И увидела, как высокий бежит через улицу и что-то тащит на своем плече. Обоняние Тиры наполнилось запахом крови и жареного мяса, который шел снизу, в ее голове тут же выстроился ряд: высокий — огонь — мясо, и она решила, что ее наконец-то решили накормить. Придя в радостное возбуждение, она затявкала.

В сторону высокого скакали лошади. К ним Тира испытывала смешанные чувства. Однажды одна лошадь перестала лягаться, и высокий дал Тире ее кусочек. Было очень вкусно. «Еще пища?» — подумала Тира, конечно, в той степени, в какой могла думать. Но лошади, приблизившись к высокому и мясу, не остановились. Несколько мгновений ей ничего не было видно. Потом лошади разбежались, и Тира, заскулив, принюхалась. Она учуяла запах высокого. Однако, к ее великому ужасу, с запахом происходило нечто такое, чего раньше никогда не было: он остывал. Он слабел и исчезал, превращаясь вдруг в запах мяса. И Присутствие — то, что делало ее мир живым, — это Присутствие ушло…

Когда перед глазами рушится вселенная, естественно ее оплакивать. Тира не знала, что такое «оплакивать», но как раз этим она и занялась. Стоя и трясясь на подоконнике, она, пронизанная болью, выла и выла. А когда лошади подошли совсем близко и фигуры, что сидели на них, стали показывать на Тиру, она пришла в совершенную панику и, вывалившись из окна, покатилась, кувыркаясь по скату крыши, вниз. В этот момент она не ощущала боли: когда миру приходит конец, какое значение имеют несколько ушибов? Упав среди каких-то обломков, она тут же вскочила на ноги и побежала прочь, не осознав даже, что хромает. Она неслась по грязной улице, держась подальше от горевшей баррикады, промчалась, не останавливаясь, мимо разрубленного мяса, бывшего когда-то высоким. Она бежала долго-долго, изливая в вое свои ужас и тоску. Пока не наткнулась на знакомый запах — запах пищевых отбросов. Отчаянно стремясь к чему-нибудь привычному, она зарылась в их кучу, но легче ей не стало. Лапа болела, и Тира ощущала такое горе, что даже не попыталась исследовать соблазнительные кости и объедки, в которых нашла спасение. Час шел за часом, а она все продолжала выть и скулить. Пока, утомленная, не провалилась в беспокойный сон. Вот-вот должно было взойти солнце. Но для Тиры мир навеки погрузился во мрак, ибо из него ушла всякая радость. Высокий стал мясом, и Присутствия больше не было.

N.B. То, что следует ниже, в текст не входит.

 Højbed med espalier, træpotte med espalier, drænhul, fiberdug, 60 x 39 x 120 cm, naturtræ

Перед тем как уснуть, Тира ближе, чем когда-либо в своей жизни, подошла к тому, что называется мыслью. Завывая, она пожалела о том, что тоже не превратилась в мясо.

***

Боги Санктуария, как и любые другие боги, предпочитали пребывать в мире, где времени не существует, в мире, который сам несет в себе время и пространство смертных, но не подвластен их законам. Отсутствие времени не доступно пониманию — даже боги — покровители наук не в силах объяснить его природу — и с трудом поддается описанию, особенно для смертных, которые обязательно характеризуют все с использованием временных категорий, ибо без них речь их становится бессмысленной.

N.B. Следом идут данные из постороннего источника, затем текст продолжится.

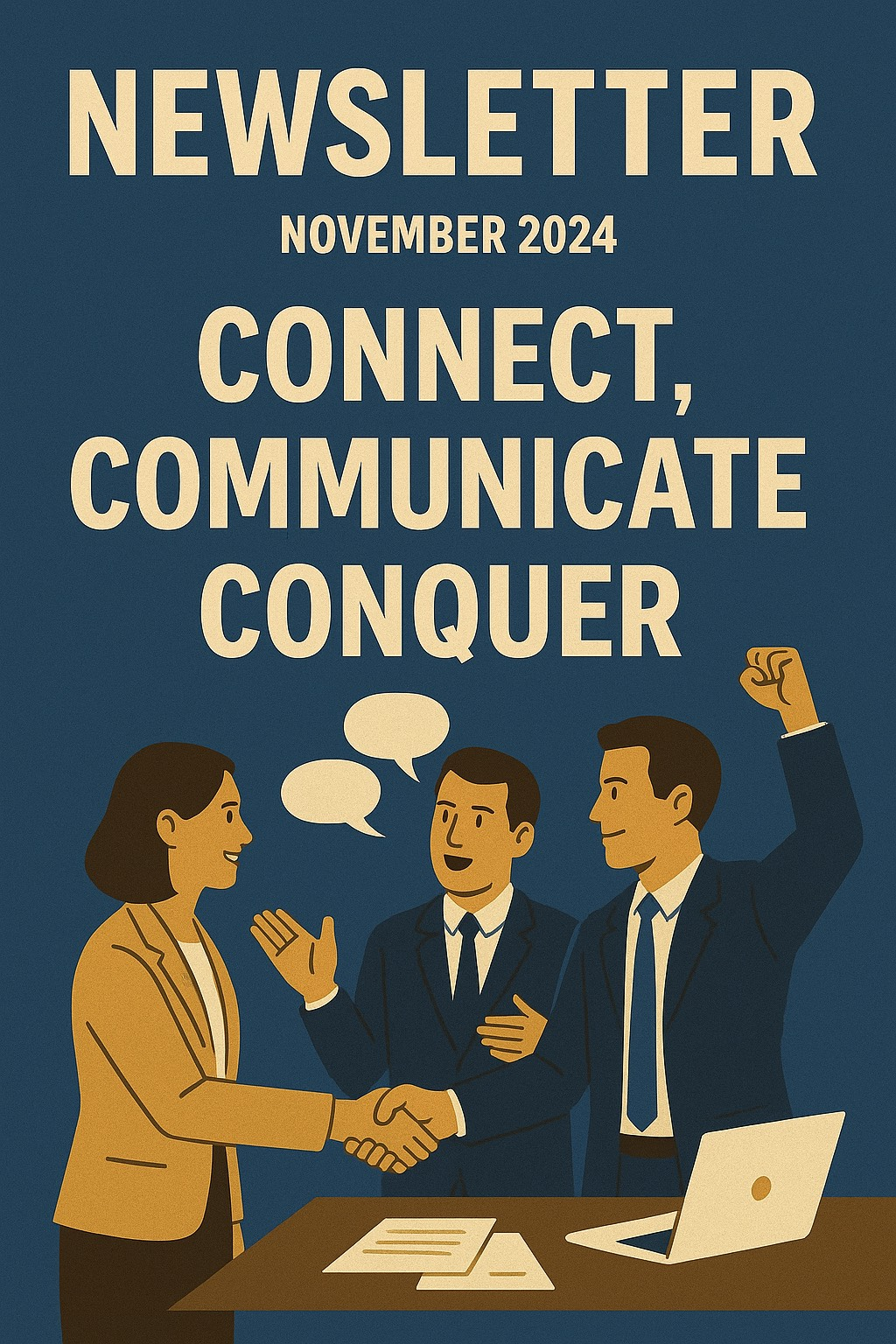 Newsletter cover: Professionals shaking hands, discussing. Blue background with text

У большинства смертных, которым в снах или видениях случается посетить эти миры, остается воспоминание о заливающем все свете. Те счастливцы-умершие, которые попадают туда, забывают о времени и начинают воспринимать бытие по-иному. Так же, как боги. В этом месте, где отсутствие времени делает пространство податливым, они воздвигают свои чертоги без каких-либо инструментов, с помощью одной только мысли и по желанию могут преобразить их в любой момент. Они меняют свой облик, как смертные меняют одежду, по тем же самым причинам — гигиена, вежливость, скука или, может, какой-нибудь особый случай. Как и у смертных, у них есть свои любимые занятия. Они дружат и враждуют между собой, заводят романы со смертными или другими божествами, ссорятся — как поодиночке, так и целыми пантеонами. Некоторые боги находят подобное сходство с поведением смертных весьма огорчительным. Большинство же предпочитают не задумываться над этим и не обращать внимания на глубинный свет, который часто осеняет Сверкающие Чертоги снаружи и изнутри, словно наблюдая за тем, что делают боги и смертные.

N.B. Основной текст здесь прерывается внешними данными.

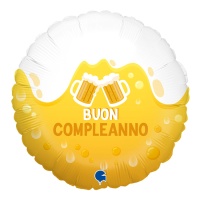 Ballon rond de bière Buon Compleanno de 46 cm - Grabo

Не так давно в окрестностях появился еще один Чертог, который, однако, не всегда был сияющим. Он был то высоким строгим храмом с белыми колоннами, какие строят обладающие эстетическим чутьем смертные, то низкой каменной хибарой с соломенной крышей, дерзко торчащей посредине грязного, затоптанного двора. Но в любом случае у него явно был такой вид, будто в нем живут смертные, и проходившие мимо боги находили его кто безвкусным, кто восхитительно примитивным, а кто и образчиком авангардизма. Обитель эта менялась порой по несколько раз в минуту, а то и чаще, и после подобных судорожных превращений из окон и дверей вылетали снопы молний, а изнутри доносились шлепки и крики. Вскоре жившие по соседству боги пришли к выводу, что разделение этого дома в самом себе весьма симптоматично. Богиня или богини, жившие в нем, переживали жестокий личностный кризис.

— Ты когда-нибудь думаешь о чем-то, кроме нарядов?

— По крайней мере, я о них все-таки думаю. Ты же богиня, тебе нельзя ходить в таких… таких лохмотьях!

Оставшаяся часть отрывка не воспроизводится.